[Saved data entries]
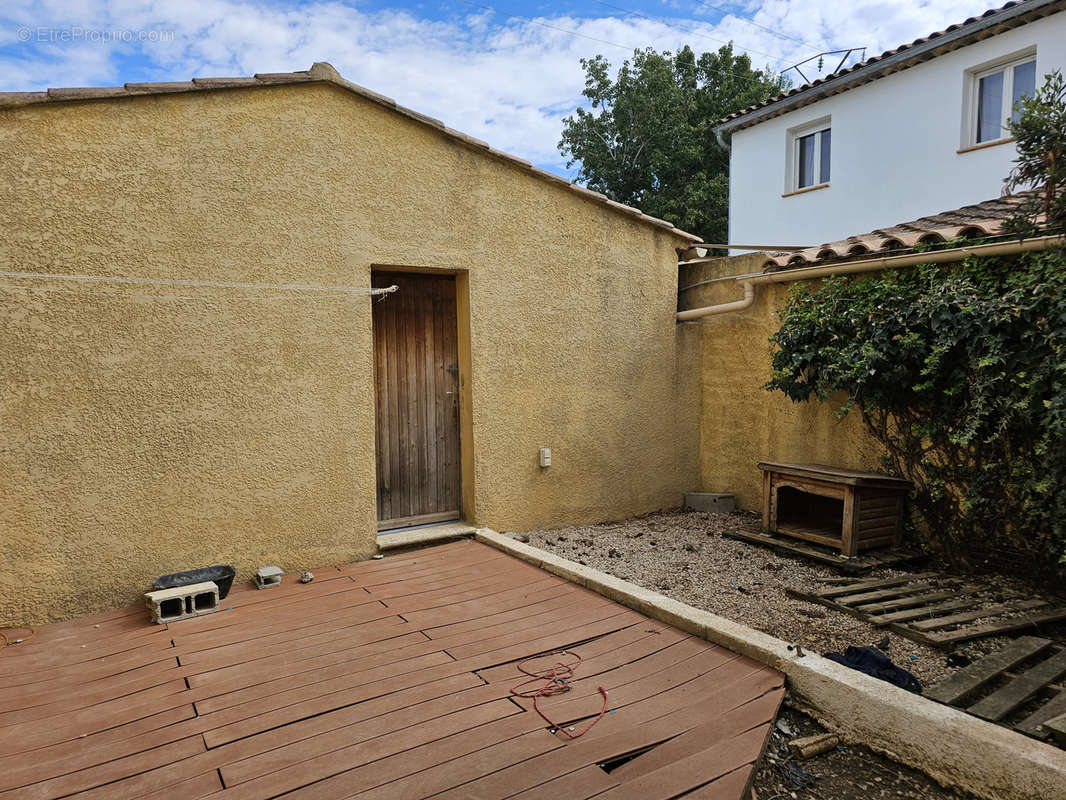 Maison à LE PUY-SAINTE-REPARADE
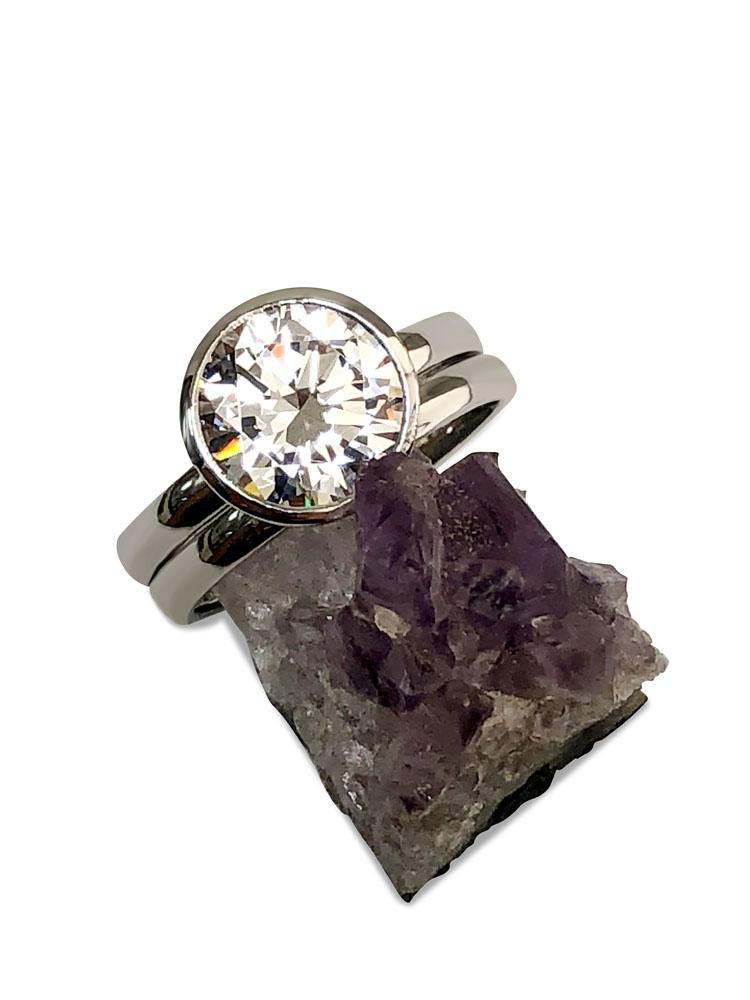 Round Brilliant 3.5 Carat Cubic Zirconia Ring in Bezel with matching Band 14k white gold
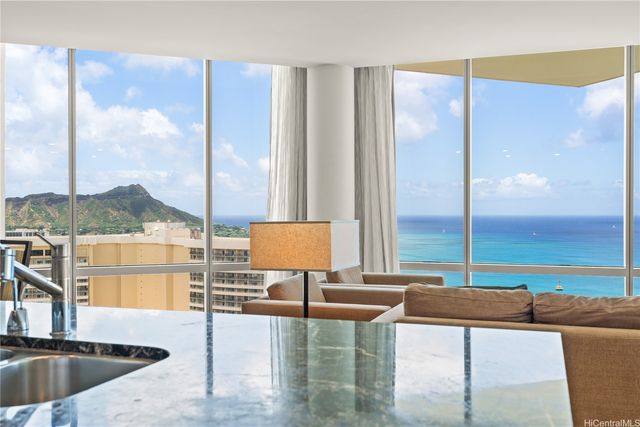 223 Saratoga Road 3710, Honolulu, HI 96815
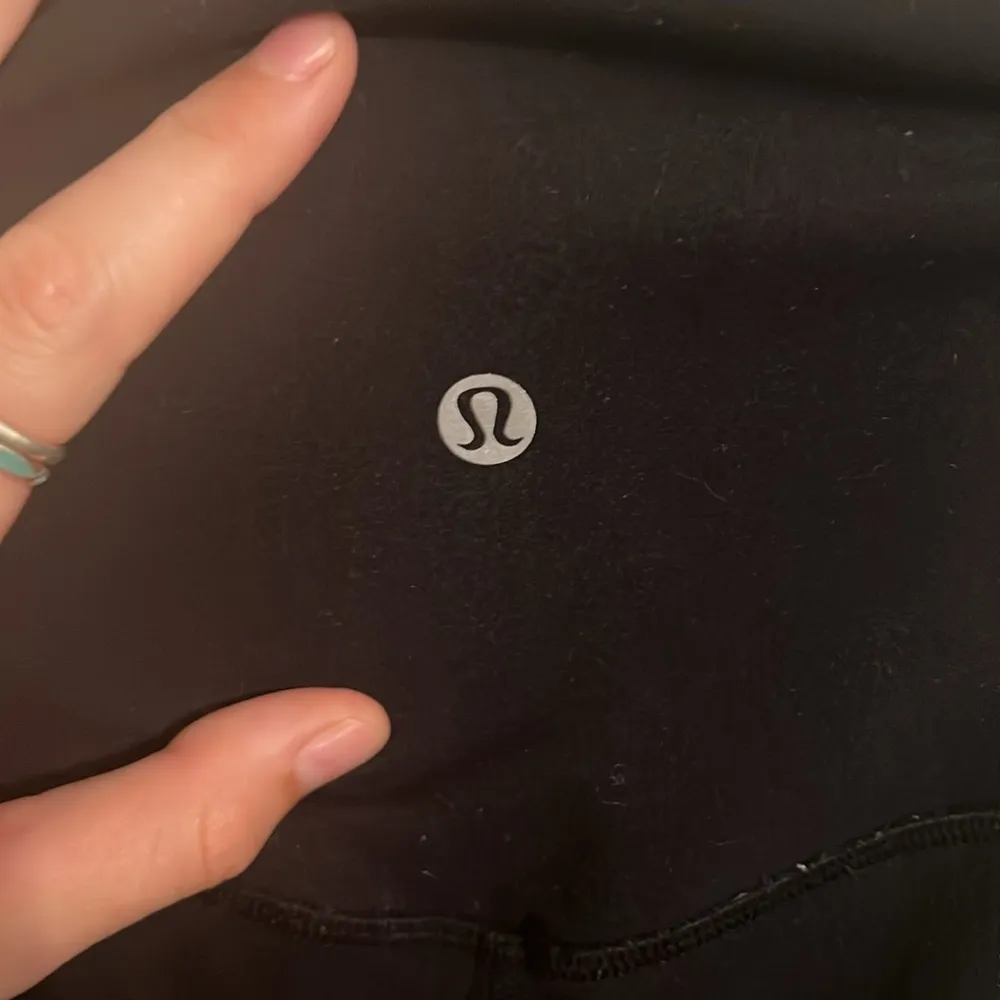 Lululemon Cropped Leggings - Image 3
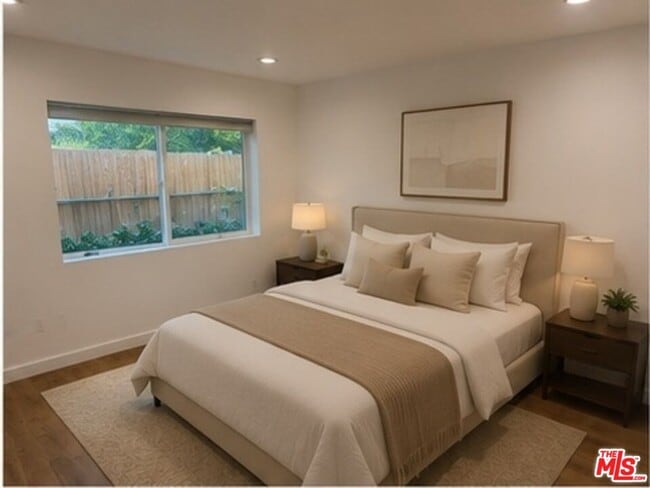 Photo - 5638 Woodman Ave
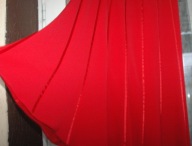 SLICZNA Włoska czerwona spódnicam super kroj r 36/38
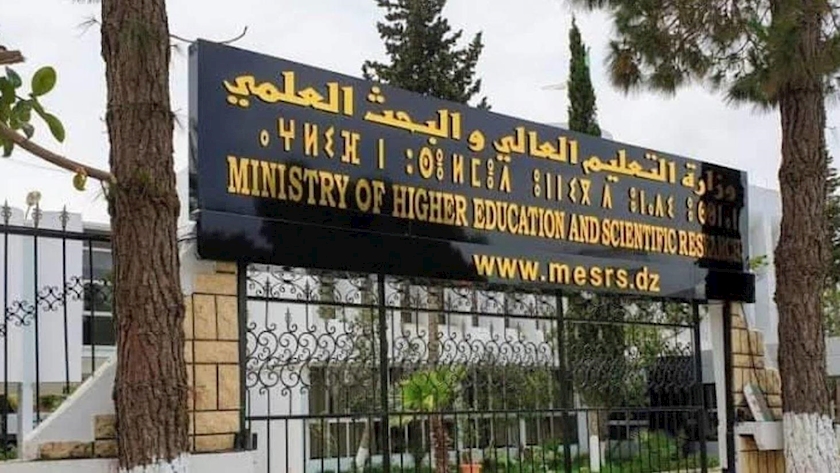 Iranpress: Algeria to replace French language with English at its universities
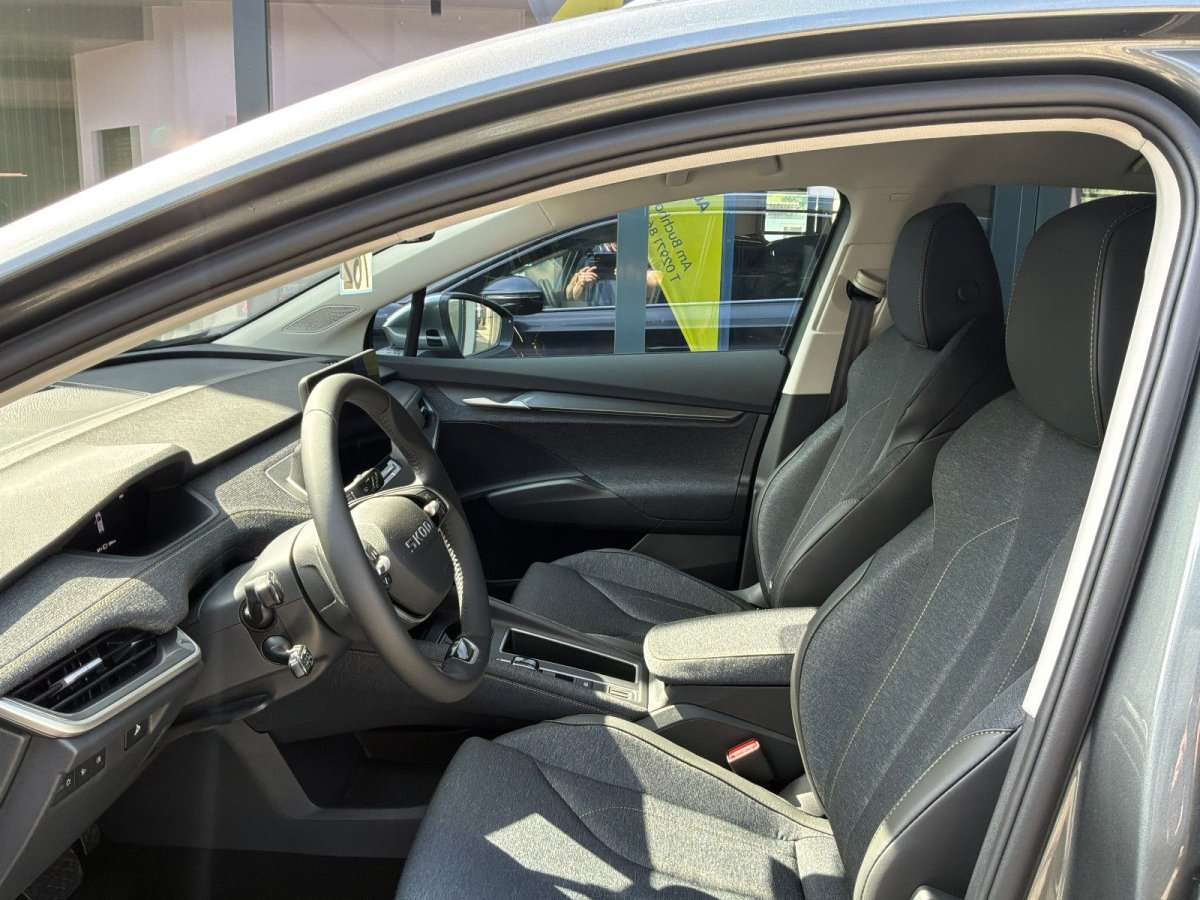 Fahrzeugbild eines Skoda ELROQ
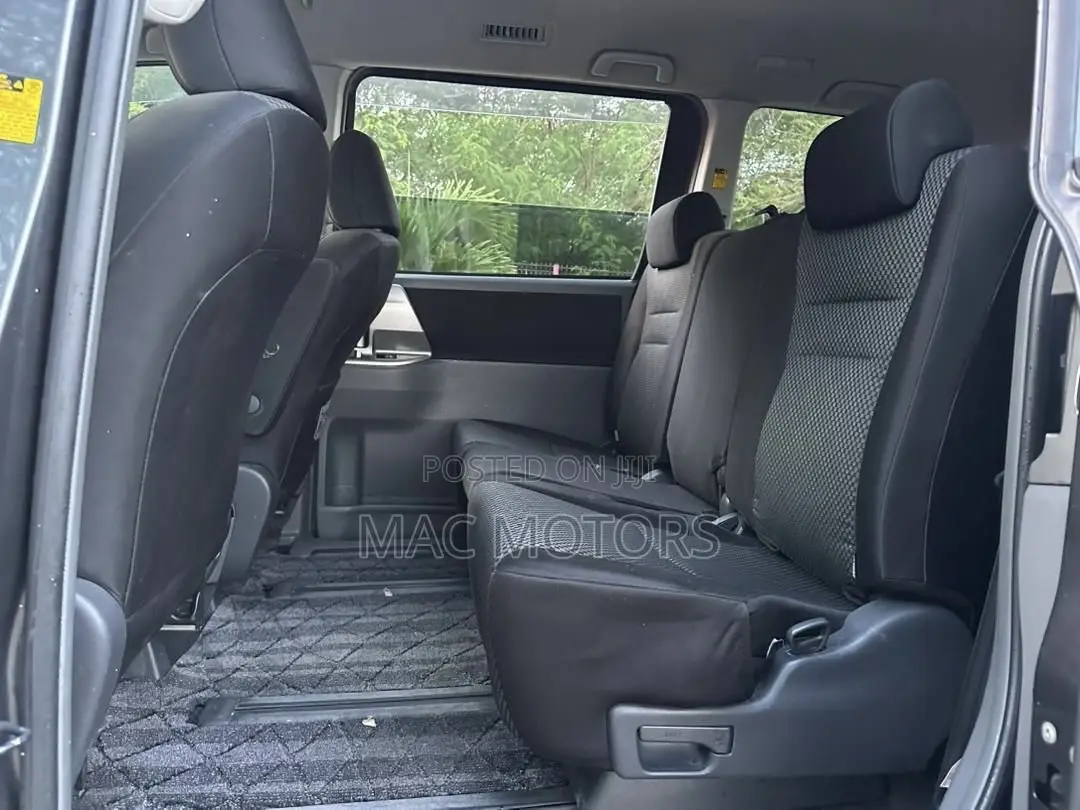Toyota Noah 2008 Gray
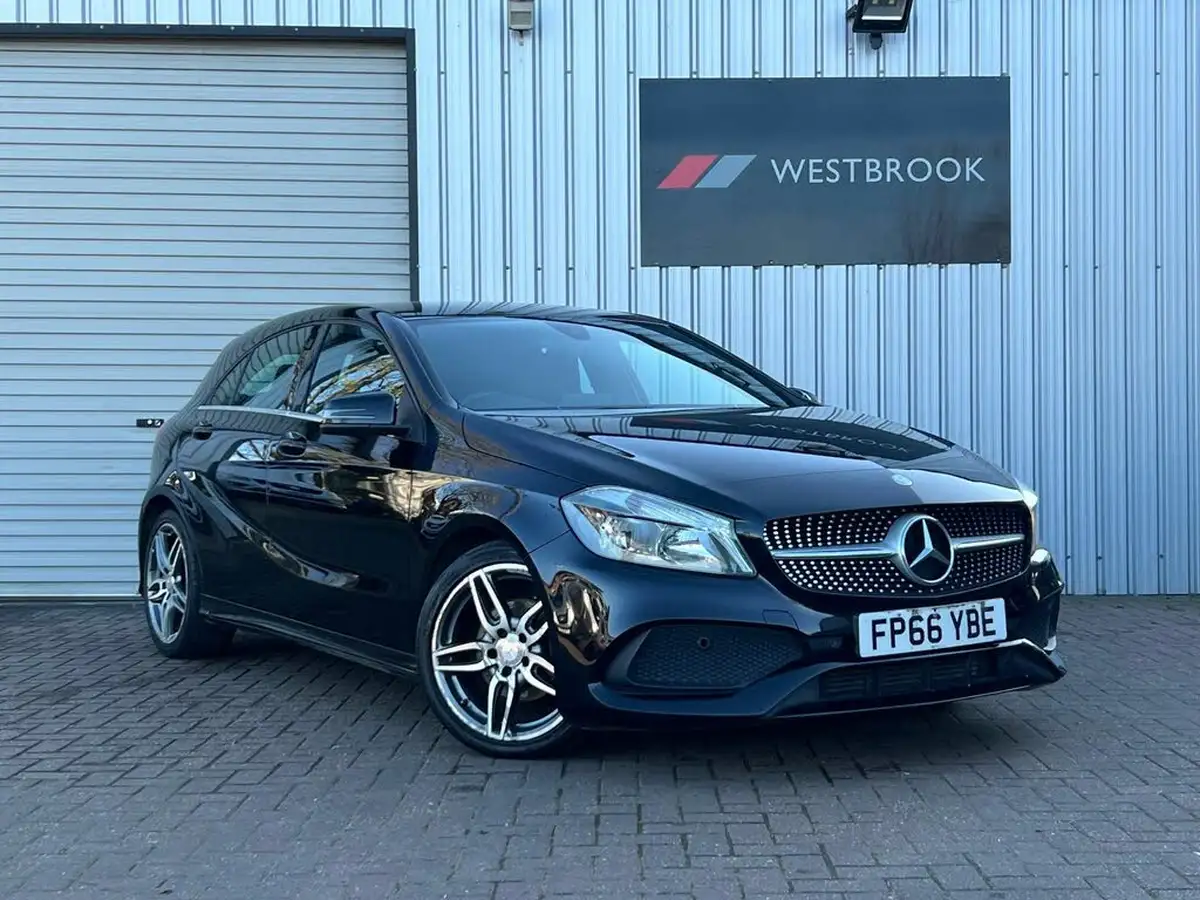 2016-mercedes-benz-a-class-15d-a180d-amg-line-ss-big-4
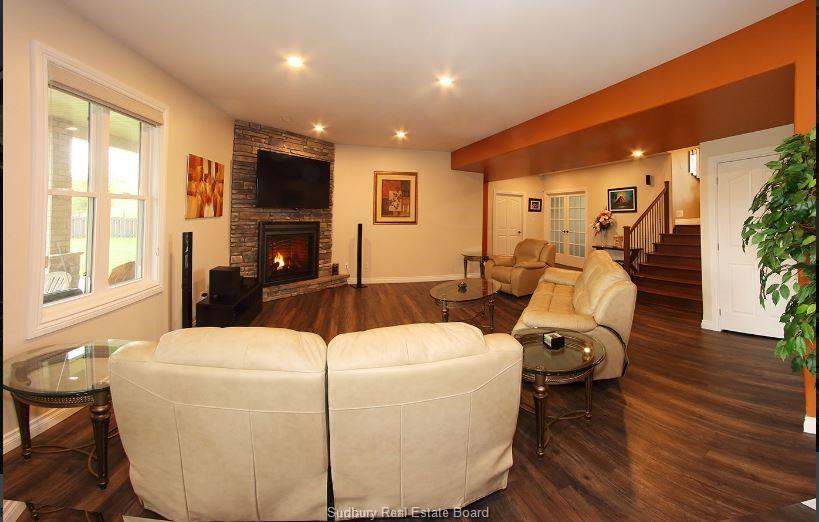 290 Bushcroft Court, Hanmer Ontario, Canada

Exercise goal:
Retype the lines starting with the one that holds "SLICZNA Włoska czerwona" and ending with the last line of the data above, both included; skip the pictures.

Task answer:
 SLICZNA Włoska czerwona spódnicam super kroj r 36/38
 Iranpress: Algeria to replace French language with English at its universities
 Fahrzeugbild eines Skoda ELROQ
Toyota Noah 2008 Gray
 2016-mercedes-benz-a-class-15d-a180d-amg-line-ss-big-4
 290 Bushcroft Court, Hanmer Ontario, Canada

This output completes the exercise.